Mütareke Müze Evi’nden çıktıktan hemen sonra Girit mahallesine giriş yapabilirsiniz. Tarihi Mudanya evlerinin yer aldığı bu küçük ve şirin mahalle, mübadeleden önce Rumların yerleşim alanlarından biri olmuş. Eski Rum mahallesi olarak da bilinen bu sokak, denize kıyısı ile rengarenk evleri barındırıyor. Ahşap konakların bazıları atıl şekilde kalmış olsa da bazılarında yaşam devam ediyor. Bazı binalar ise restore edilerek restoran ve kafe olarak hizmet veriyor. Her sokağın denize çıktığı Girit mahallesinde fotoğraf çekebilir, turlayabilirsiniz.

Baş Melekler Kilisesi

Bursa’nın Mudanya ilçesindeki Kumyaka Mahallesi’nde bulunan Baş Melekler Kilisesi, bölgenin en önemli tarihi yapılarından biri olarak öne çıkıyor. Dünyanın en eski üçüncü kilisesi olarak bilinen ve Taksiyarhonadıyla da anılan kilise, 780 yılında inşa edilmiştir, yani bin 234 yıllık bir geçmişe sahiptir.

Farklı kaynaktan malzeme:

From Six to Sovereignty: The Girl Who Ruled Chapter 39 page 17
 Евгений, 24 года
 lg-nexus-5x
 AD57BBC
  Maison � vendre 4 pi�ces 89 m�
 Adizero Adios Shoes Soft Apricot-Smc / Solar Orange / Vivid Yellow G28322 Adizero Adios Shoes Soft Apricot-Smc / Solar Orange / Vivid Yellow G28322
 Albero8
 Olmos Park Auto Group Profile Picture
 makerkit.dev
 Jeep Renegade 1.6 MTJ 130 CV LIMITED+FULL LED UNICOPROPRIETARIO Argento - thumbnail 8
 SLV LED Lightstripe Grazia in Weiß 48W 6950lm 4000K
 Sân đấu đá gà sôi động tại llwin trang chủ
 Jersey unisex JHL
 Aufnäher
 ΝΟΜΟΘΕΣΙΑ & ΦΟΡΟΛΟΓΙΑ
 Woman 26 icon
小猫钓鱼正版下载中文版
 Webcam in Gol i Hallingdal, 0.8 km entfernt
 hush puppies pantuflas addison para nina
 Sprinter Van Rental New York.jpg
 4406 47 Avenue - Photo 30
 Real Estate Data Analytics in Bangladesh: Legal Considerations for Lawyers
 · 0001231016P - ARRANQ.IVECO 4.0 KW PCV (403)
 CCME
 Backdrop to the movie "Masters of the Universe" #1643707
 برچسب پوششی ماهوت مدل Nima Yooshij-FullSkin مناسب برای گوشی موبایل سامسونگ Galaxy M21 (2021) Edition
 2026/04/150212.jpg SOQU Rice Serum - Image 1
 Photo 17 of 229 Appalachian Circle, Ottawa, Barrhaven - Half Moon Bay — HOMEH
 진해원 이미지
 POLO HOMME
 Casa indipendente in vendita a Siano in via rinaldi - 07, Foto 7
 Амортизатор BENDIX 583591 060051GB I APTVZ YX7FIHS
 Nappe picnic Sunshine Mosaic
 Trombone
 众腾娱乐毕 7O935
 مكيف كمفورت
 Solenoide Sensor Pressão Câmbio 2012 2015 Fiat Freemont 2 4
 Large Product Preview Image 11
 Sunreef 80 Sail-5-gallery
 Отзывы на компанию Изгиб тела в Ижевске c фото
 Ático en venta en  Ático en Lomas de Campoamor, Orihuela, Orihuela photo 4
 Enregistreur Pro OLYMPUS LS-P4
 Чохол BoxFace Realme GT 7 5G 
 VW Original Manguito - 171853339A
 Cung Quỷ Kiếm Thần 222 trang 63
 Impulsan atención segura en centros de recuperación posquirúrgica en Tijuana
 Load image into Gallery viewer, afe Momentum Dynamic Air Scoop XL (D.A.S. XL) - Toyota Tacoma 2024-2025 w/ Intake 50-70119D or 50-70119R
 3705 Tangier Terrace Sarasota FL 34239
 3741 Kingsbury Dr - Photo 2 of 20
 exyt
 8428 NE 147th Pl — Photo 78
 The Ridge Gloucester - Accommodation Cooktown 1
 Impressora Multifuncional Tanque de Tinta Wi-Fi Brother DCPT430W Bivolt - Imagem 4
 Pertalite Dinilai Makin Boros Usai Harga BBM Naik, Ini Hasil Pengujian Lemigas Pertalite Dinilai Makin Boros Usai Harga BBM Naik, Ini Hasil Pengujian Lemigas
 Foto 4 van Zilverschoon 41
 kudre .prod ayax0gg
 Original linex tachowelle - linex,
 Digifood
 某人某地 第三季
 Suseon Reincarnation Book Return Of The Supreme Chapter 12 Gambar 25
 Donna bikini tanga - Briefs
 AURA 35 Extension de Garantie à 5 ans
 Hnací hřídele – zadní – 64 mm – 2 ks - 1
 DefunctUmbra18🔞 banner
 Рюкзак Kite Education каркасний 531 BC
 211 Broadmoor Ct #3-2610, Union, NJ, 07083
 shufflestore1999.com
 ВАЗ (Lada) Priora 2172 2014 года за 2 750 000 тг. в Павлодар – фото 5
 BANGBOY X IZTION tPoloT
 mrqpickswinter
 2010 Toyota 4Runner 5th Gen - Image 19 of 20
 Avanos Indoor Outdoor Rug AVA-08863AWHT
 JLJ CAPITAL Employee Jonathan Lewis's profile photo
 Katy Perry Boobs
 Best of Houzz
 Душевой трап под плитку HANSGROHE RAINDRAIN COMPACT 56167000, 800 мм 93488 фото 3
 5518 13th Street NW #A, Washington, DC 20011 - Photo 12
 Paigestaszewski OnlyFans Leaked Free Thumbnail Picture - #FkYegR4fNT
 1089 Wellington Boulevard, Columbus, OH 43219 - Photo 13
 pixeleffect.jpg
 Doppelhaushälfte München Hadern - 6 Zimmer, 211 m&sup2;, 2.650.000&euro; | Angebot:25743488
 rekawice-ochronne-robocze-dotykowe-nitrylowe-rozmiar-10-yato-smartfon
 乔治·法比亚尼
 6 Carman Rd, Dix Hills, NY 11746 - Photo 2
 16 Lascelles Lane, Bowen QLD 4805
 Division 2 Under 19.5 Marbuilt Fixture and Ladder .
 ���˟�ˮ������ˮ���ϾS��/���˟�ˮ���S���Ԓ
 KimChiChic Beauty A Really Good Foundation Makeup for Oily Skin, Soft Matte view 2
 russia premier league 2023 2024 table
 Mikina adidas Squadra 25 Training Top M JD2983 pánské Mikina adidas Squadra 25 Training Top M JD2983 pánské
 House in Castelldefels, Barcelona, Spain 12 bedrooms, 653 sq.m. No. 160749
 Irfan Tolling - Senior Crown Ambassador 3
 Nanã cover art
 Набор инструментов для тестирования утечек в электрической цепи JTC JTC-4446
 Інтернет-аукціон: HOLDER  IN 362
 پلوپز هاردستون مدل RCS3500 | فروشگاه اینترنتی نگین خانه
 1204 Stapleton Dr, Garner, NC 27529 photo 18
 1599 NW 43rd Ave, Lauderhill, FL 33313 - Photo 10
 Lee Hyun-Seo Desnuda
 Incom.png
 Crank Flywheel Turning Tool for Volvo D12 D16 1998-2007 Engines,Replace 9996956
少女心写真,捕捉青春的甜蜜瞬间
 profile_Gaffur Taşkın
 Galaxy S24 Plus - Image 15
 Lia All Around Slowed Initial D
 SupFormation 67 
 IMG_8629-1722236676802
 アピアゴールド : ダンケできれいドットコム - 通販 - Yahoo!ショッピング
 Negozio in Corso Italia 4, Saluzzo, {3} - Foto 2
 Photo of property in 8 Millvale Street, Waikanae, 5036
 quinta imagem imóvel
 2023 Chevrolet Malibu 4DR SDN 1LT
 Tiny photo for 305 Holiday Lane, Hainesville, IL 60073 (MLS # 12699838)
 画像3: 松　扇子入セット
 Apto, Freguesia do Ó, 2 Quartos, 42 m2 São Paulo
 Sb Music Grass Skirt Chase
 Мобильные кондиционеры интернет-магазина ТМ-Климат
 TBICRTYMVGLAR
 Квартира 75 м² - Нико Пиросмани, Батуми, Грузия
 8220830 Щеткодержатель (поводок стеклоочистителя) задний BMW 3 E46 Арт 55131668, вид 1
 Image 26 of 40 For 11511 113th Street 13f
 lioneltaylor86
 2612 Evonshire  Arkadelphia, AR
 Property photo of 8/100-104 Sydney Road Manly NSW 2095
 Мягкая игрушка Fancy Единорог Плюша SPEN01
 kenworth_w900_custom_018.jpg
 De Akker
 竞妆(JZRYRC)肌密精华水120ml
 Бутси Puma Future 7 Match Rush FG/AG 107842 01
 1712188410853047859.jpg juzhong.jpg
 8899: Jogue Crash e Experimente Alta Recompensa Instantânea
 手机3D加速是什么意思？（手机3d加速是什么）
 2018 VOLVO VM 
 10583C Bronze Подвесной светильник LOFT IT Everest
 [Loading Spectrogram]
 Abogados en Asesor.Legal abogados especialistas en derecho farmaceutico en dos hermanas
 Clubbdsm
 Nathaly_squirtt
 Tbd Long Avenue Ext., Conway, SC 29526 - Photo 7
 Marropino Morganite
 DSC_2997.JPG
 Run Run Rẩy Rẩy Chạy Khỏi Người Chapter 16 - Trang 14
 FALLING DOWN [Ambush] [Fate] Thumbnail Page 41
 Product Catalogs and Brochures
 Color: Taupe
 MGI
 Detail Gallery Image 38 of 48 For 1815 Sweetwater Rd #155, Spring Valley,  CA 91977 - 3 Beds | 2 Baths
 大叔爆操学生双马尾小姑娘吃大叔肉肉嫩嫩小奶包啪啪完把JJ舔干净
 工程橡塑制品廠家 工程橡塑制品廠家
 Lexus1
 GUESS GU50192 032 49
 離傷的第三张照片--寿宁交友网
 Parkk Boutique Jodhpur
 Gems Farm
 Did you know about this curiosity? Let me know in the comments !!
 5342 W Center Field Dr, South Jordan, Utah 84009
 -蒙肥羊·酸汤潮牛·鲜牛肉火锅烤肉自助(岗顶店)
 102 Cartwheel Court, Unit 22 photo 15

Baş Melekler Kilisesi, Bizans İmparatoru IV. Konstantinos Porphyrogenetos döneminde 780-797 yılları arasında yapılmış ve uzun yıllar özel bir şahsa ait bir mülk olarak hizmet vermiştir. Ancak daha sonra İstanbul Fener’deki Ekümenik Patrikhane tarafından Bursa Metropolitliğine atanan Elpidophoros Lambriniadis’e satılmıştır. Kilisenin anahtarı ise mahalle muhtarına teslim edilmiştir.

Geçmişte akıl hastalarının tedavi edildiği bilinen kilise, tarih boyunca birçok tadilat görmüş ve 1922 yılına kadar önemini korumuştur. Şimdi ise tamamlanan restorasyon çalışmaları sonrasında, Baş Melekler Kilisesi insanlığın ortak mirası olarak hem ibadete hem de ziyarete açılacak.